Top of DATA PROVIDED
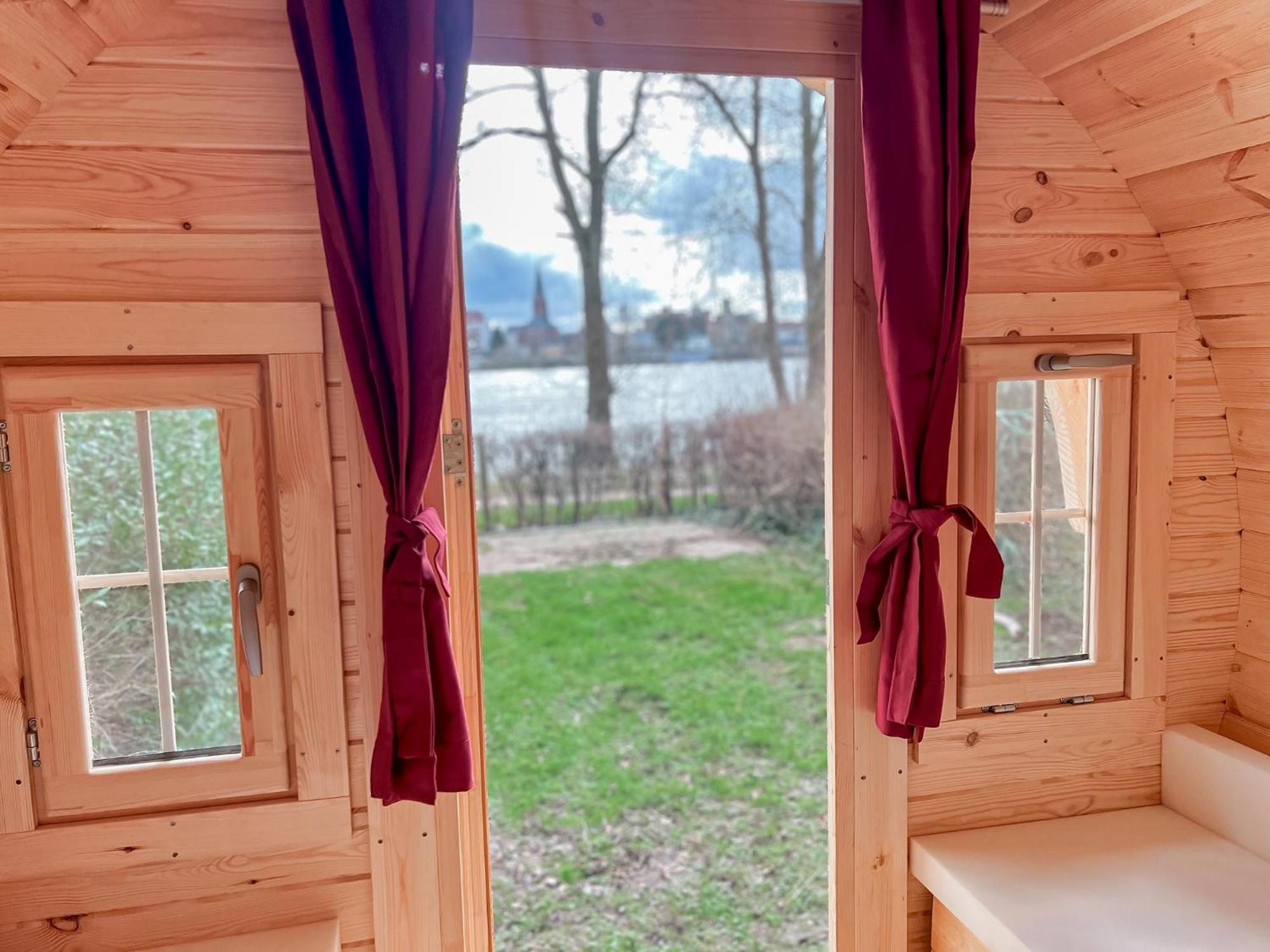 Acampamento Wiesenhaus Wohnen Im Schlaffass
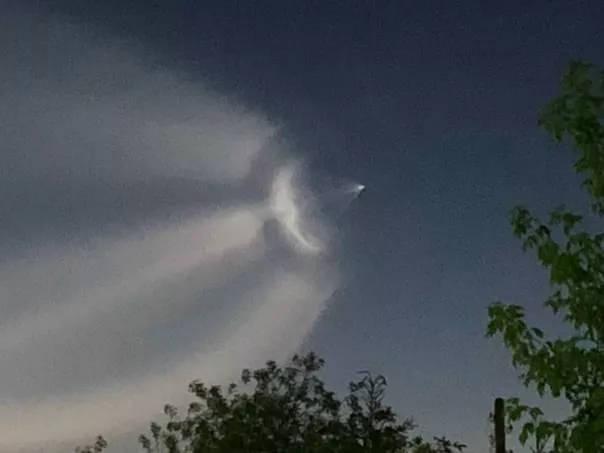 俄罗斯惊现“不明飞行物”：世界杯期外星人来看球575 / 作者:gooobooo / 帖子ID:31522
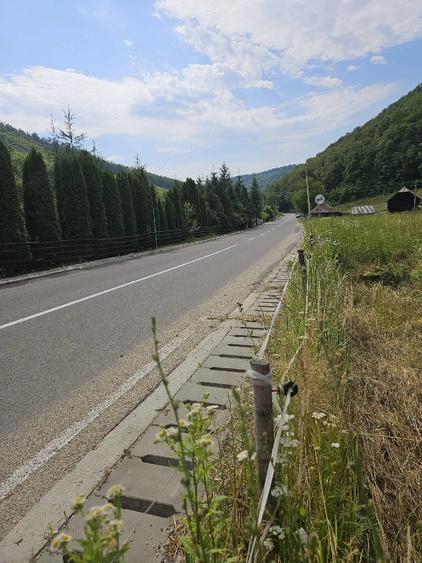 Teren de 5500 mp, în Hurez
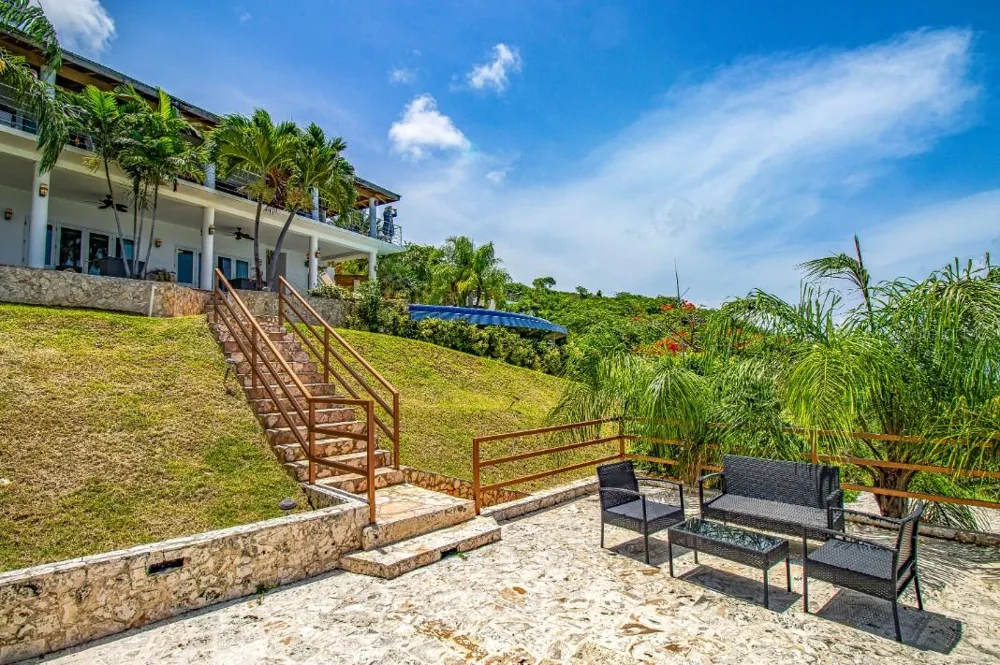 BO FLAMENCO LAS QUINTAS SOLAR 15 #Sec La Quintas Solar 15 Culebra, PR 00775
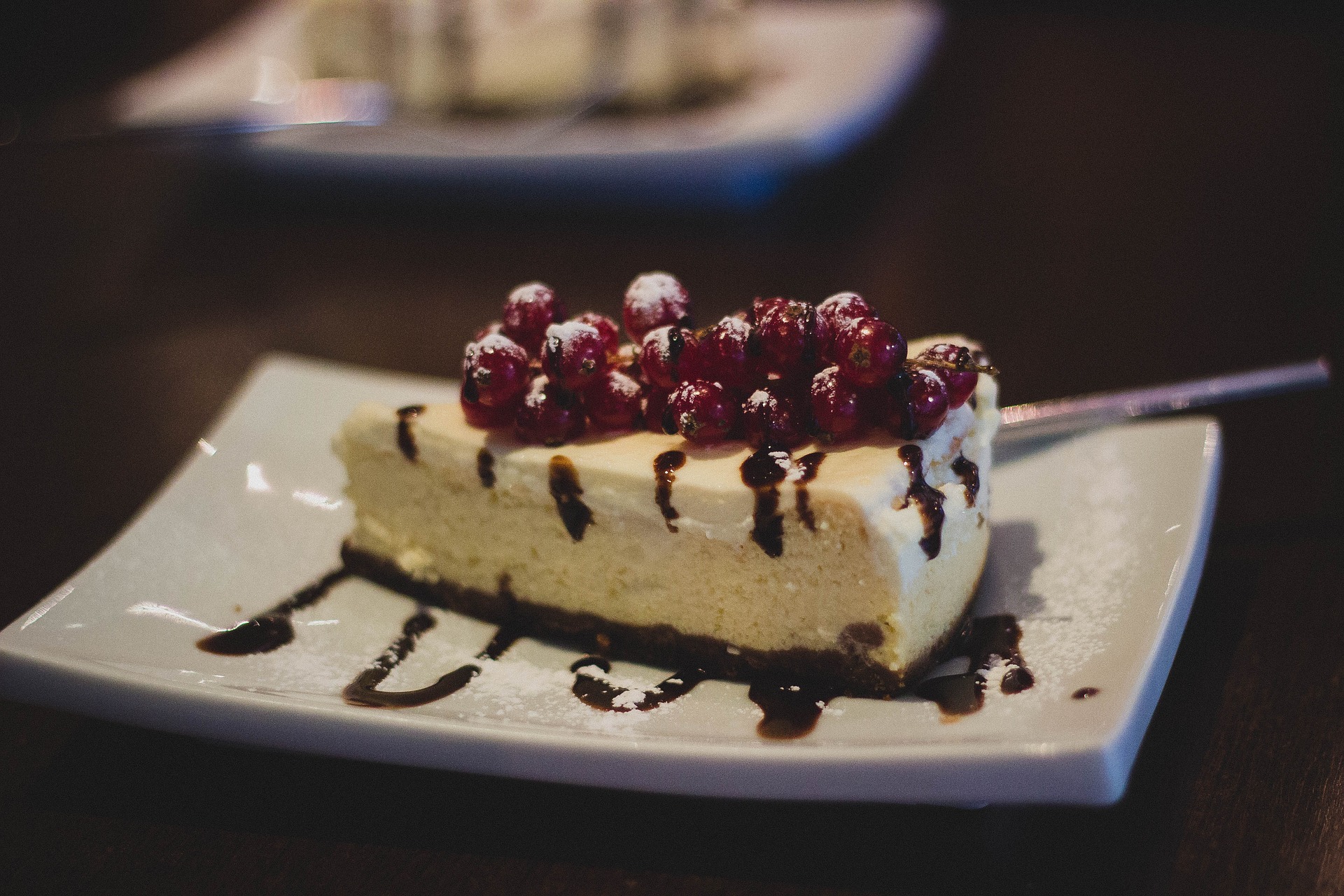 Birgits Cheesecake with raspberries or other berries.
Bottom of DATA PROVIDED
DESCRIPTION OF THE TASK
Your output should be the lines from the one with "Teren de 5500 mp, în Hurez" through the end of the listing, copied exactly and with the pictures left out.

EXERCISE ANSWER
 Teren de 5500 mp, în Hurez
 BO FLAMENCO LAS QUINTAS SOLAR 15 #Sec La Quintas Solar 15 Culebra, PR 00775
 Birgits Cheesecake with raspberries or other berries.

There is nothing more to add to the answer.